Husband contends the trial court erred in not transferring this case to Jefferson County because at the time wife filed her petition she was not a resident of St. Louis County, but was a resident of Jefferson County, and therefore venue in St. Louis County was improper.

Venue is proper in the county where the plaintiff resides. § 452.300.1 RSMo 1994. Venue in the county of residence may be waived by failure to challenge it. State ex rel. Brockfeld v. Provaznik, 812 S.W.2d 568, 569 (Mo.App.1991). Failure to object to improper venue at the earliest opportunity constitutes waiver. State ex rel. Teasley v. Sanders, 796 S.W.2d 382, 384 (Mo.App.1990).

Husband did not object to venue in his answer to wife’s original petition in which she alleged she resided in St. Louis County. After remand, wife filed a first amended petition in which she continued to allege that she resided in St. Louis County. Husband first objected to venue in his answer to wife’s first amended petition while this case was before the trial court on remand. Under these circumstances husband waived venue when he failed to challenge it when wife first alleged residence in St. Louis County. Contrary to his argument, Rule 55.33(c) does not apply in these circumstances to make his belated venue challenge timely. The trial court did not err in failing to transfer the case for improper venue.

DISSOLUTION OF MARRIAGE

Husband next contends that there was insufficient evidence for the court to find that husband’s actions were such that wife could not reasonably be expected to live with him and thus it was error for the court to dissolve the marriage. If one party denies that the marriage is irretrievably broken, the other party must prove the existence of one or more of the circumstances listed in § 452.320.2(1). Burns, 872 S.W.2d at 628. The court found that wife had shown that husband behaved in such a way that wife *651 could not reasonably be expected to live with him. § 452.320.2(l)(b).

Husband relies on two cases in which this court reversed the dissolution decree because there was no substantial evidence in the record that the petitioner husband could not reasonably be expected to live with respondent wife.
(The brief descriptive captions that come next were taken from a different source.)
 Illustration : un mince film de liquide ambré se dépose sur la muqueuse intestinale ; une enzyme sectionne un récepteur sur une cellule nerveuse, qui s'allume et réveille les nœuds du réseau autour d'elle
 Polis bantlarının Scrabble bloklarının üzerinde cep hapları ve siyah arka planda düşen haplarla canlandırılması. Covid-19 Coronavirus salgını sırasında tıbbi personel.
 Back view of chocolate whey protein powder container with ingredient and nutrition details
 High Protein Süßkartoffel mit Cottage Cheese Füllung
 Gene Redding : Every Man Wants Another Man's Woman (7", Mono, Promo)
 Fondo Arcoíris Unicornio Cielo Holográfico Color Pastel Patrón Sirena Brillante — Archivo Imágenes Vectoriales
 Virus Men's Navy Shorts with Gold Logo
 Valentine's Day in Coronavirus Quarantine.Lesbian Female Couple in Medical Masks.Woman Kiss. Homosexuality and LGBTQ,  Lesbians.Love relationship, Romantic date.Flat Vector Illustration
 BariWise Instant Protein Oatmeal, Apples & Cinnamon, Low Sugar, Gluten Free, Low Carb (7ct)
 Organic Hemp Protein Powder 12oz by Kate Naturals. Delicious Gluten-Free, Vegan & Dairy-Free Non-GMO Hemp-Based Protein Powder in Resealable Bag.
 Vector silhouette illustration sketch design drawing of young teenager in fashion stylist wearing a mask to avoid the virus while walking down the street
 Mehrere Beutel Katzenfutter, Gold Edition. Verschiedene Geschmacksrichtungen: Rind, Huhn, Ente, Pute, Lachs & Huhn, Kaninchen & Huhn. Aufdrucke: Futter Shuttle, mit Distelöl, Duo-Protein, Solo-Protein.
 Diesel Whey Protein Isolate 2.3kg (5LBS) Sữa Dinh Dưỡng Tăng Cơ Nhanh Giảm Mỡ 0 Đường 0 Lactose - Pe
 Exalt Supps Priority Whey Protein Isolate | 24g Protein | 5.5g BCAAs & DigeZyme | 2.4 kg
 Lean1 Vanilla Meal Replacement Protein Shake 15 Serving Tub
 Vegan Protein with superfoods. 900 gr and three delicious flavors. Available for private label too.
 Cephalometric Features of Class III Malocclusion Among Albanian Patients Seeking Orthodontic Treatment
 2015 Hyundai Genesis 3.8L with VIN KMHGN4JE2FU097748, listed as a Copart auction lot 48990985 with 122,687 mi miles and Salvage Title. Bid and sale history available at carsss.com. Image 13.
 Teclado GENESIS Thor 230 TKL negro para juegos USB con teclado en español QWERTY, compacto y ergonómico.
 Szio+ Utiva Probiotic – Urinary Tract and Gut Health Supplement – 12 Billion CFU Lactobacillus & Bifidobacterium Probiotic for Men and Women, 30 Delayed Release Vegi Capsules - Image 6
Nieters v. Nieters, 815 S.W.2d 124, 126 (Mo.App.1991); In re Marriage of Mitchell, 545 S.W.2d 313 (Mo.App.1976). These cases are distinguishable. There is substantial evidence in this case to support the trial court’s conclusion that it was unreasonable to expect wife to live with husband because of husband’s behavior toward wife, including his unwillingness to communicate with wife for extended periods of time.

We give the trial court great deference in its decision that one spouse cannot reasonably be expected to live with the other spouse. See Welsh v. Welsh, 869 S.W.2d 802, 805 (Mo.App.1994). See also Cregan v. Clark, 658 S.W.2d 924, 927-28 (Mo.App.1983).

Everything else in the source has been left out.